Mit Hilfe von Computermodellen konnten nun zum ersten Mal die Aktivitätsmuster einzelner motorischer Einheiten sichtbar gemacht und analysiert werden. Bestimmte Parameter, wie die zeitlichen Muster neuronaler Entladung, konnten so den spezifischen Bewegungen des Arms zugeordnet werden. Anhand dieser Daten übersetzten die Wissenschaftler Signale spinaler Motoneurone in Steuerbefehle, die die Armprothese der Probanden kontrollierten. Die Probanden konnten so komplexe Bewegungen (z. B. Pronation, Supination) ausführen und erreichten eine bisher unerreichte Bewegungsfreiheit mit der Armprothese. Für die Betroffenen bedeutet diese Art der Steuerung eine enorme Erleichterung. Bei den klassischen TMR-EMG-Verfahren mussten die Patienten die Muskeln des durch TMR innervierten Zielgebiets kontrahieren, um die Armprothese zu steuern. Dank der neuen Technologie genügt es nun, sich die Bewegung vorzustellen. Diese Herangehensweise ermöglicht eine intuitivere Kontrolle der Armprothese und eine wesentlich höhere Bewegungsfreiheit. Steuerung der Armprothese durch neuronale Aktivität © Imperial College London
„Wir haben ein neues Verfahren getestet, bei dem wir den Fokus von den Muskeln auf das Nervensystem gelenkt haben. Das heißt, dass unsere Technologie Signale genauer detektieren und decodieren kann,“ sagt Farina.

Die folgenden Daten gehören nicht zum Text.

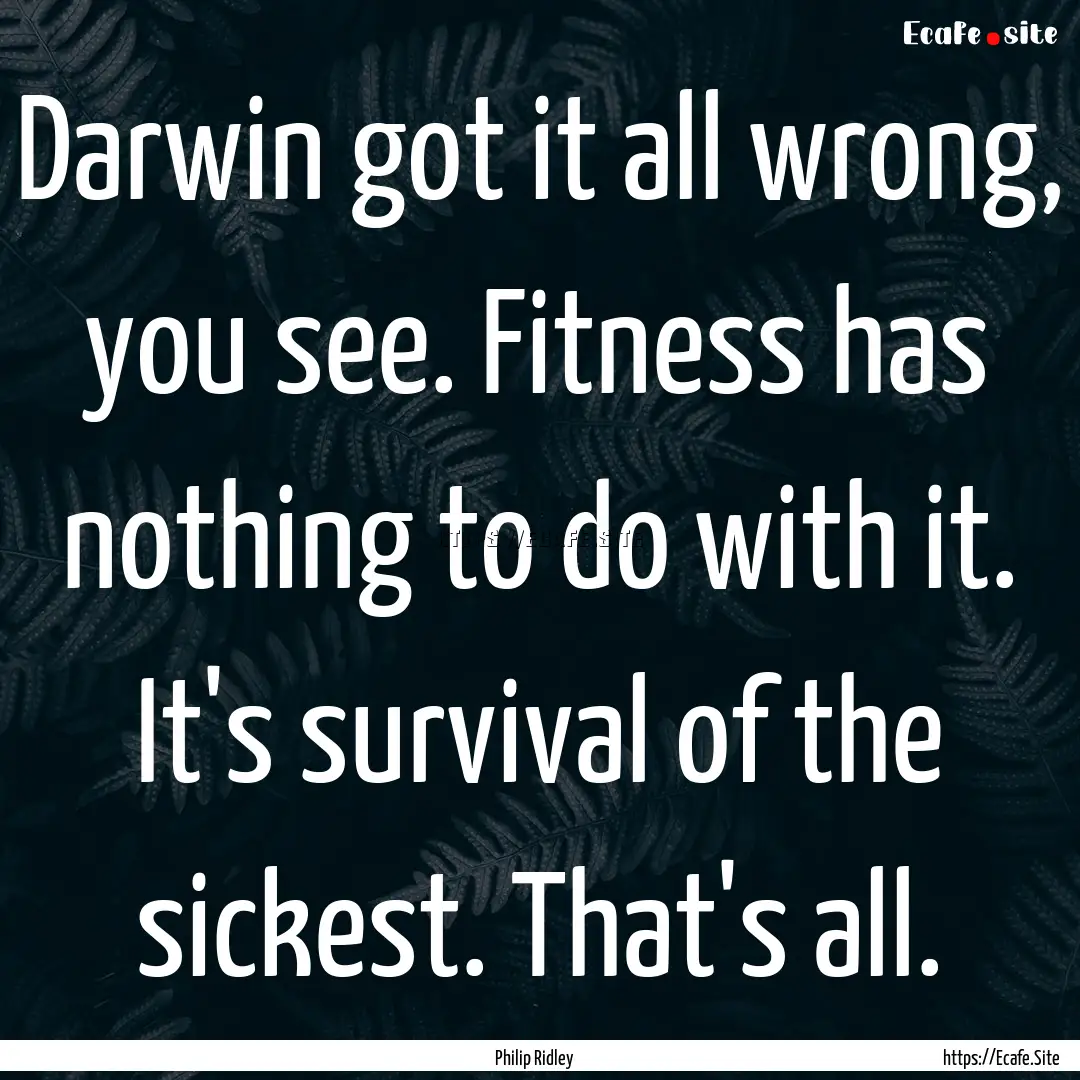 Darwin got it all wrong, you see. Fitness.... : Quote by Philip Ridley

Allerdings – so die Autoren – können die Ergebnisse nicht verallgemeinert werden, da das System bisher nur an sechs Patienten getestet worden sei. Trotzdem soll die Prothese innerhalb der nächsten drei Jahren auf den Markt kommen. Bis dahin wollen die Wissenschaftler den künstlichen Arm robuster und praxistauglicher machen. Beispielsweise wollen sie den Computer, der die Nervensignale auswertet, durch in die Prothese integrierte Mikroprozessoren ersetzen. Nach Ansicht der Autoren hat dieses Verfahren viel Potenzial. Die Methode ermögliche es, die Aktivität eines jeden Nervs zu erfassen – und das sogar, wenn gar kein Ziel-Muskelgewebe vorhanden sei. Denn fehlt dieses, könne man es einfach transplantieren oder – in der Zukunft – auch züchten, so die Autoren.